| What you will do |
Word for word, copy out the entries below, but not the pictures in them.

Segment Start: Material shown

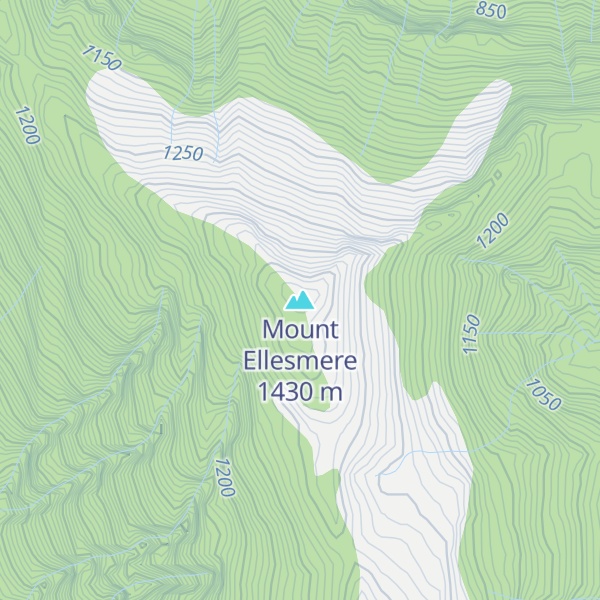 Map of Mount Ellesmere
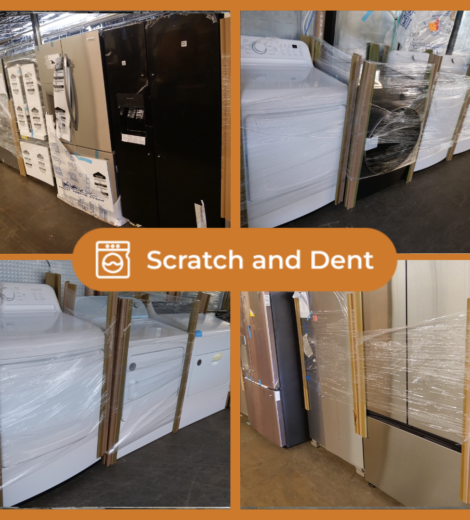 #894 Liquidation Half Truckload of 26 Scratch & Dent Kitchen and Laundry Appliances South Carolina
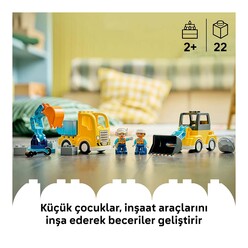 Lego Duplo Kasabası 3’Ü 1 Arada İnşaat Araçları 10475 - Thumbnail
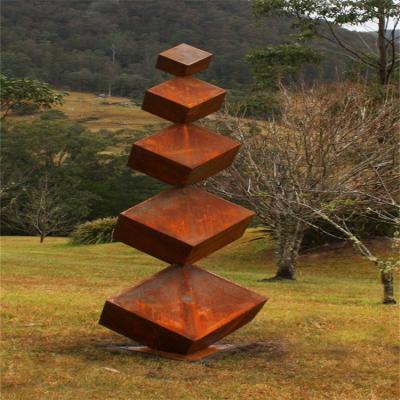 Escultura contemporânea em aço corten arte árvore 200 mm - 3500 mm fácil de limpar
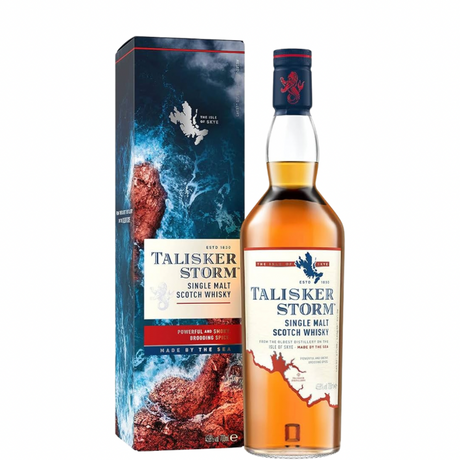 Talisker Storm-Flasche mit Etui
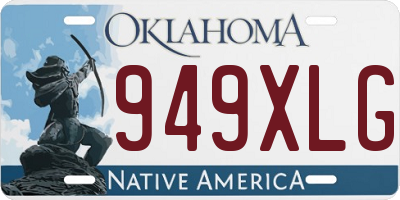 OK license plate 949XLG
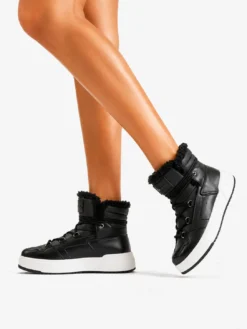Cauti Ghete Negre Sport Casual In Trend? Descopera Colectia Mangata Ghete D.Franklin Court Bomb V2 Black Moderne, Livrare Rapida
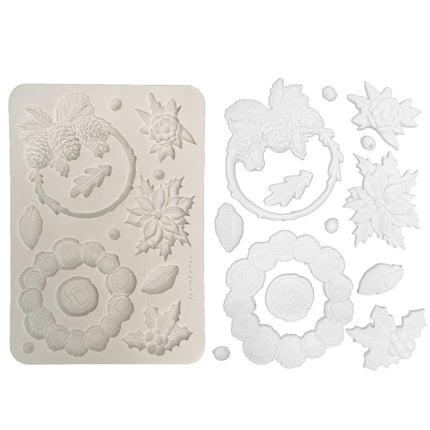 Silicon mould Designs A5 for Art and Craft - Christmas garlands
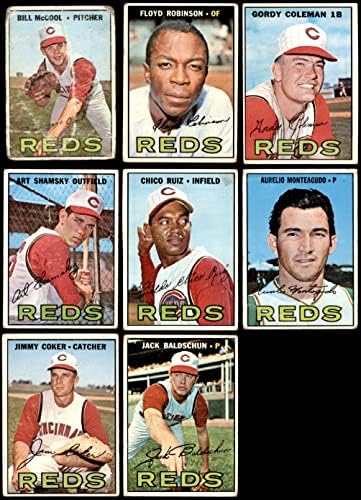 1967. topps Cincinnati Reds u blizini Team Set Cincinnati Reds Dobar crveni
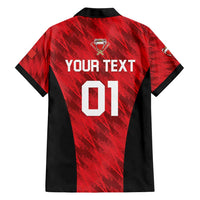 Custom Bahrain Cricket Family Matching Short Sleeve Bodycon Dress and Hawaiian Shirt Come On Team Bahrain - Wonder Print Shop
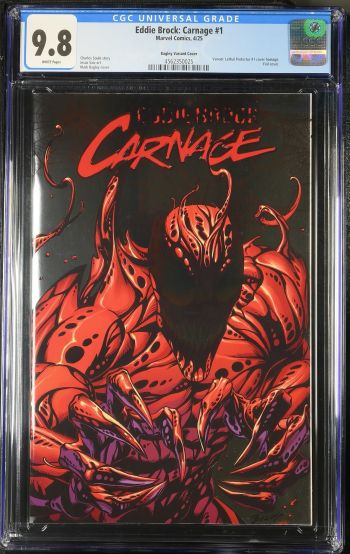Image of Eddie Brock: Carnage #1 | Bagley Variant Cover | CGC 9.8 | Universal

Segment End: Material shown

| Exercise response |
 Map of Mount Ellesmere
 #894 Liquidation Half Truckload of 26 Scratch & Dent Kitchen and Laundry Appliances South Carolina
 Lego Duplo Kasabası 3’Ü 1 Arada İnşaat Araçları 10475 - Thumbnail
 Escultura contemporânea em aço corten arte árvore 200 mm - 3500 mm fácil de limpar
 Talisker Storm-Flasche mit Etui
 OK license plate 949XLG
Cauti Ghete Negre Sport Casual In Trend? Descopera Colectia Mangata Ghete D.Franklin Court Bomb V2 Black Moderne, Livrare Rapida
 Silicon mould Designs A5 for Art and Craft - Christmas garlands
 1967. topps Cincinnati Reds u blizini Team Set Cincinnati Reds Dobar crveni
 Custom Bahrain Cricket Family Matching Short Sleeve Bodycon Dress and Hawaiian Shirt Come On Team Bahrain - Wonder Print Shop
Image of Eddie Brock: Carnage #1 | Bagley Variant Cover | CGC 9.8 | Universal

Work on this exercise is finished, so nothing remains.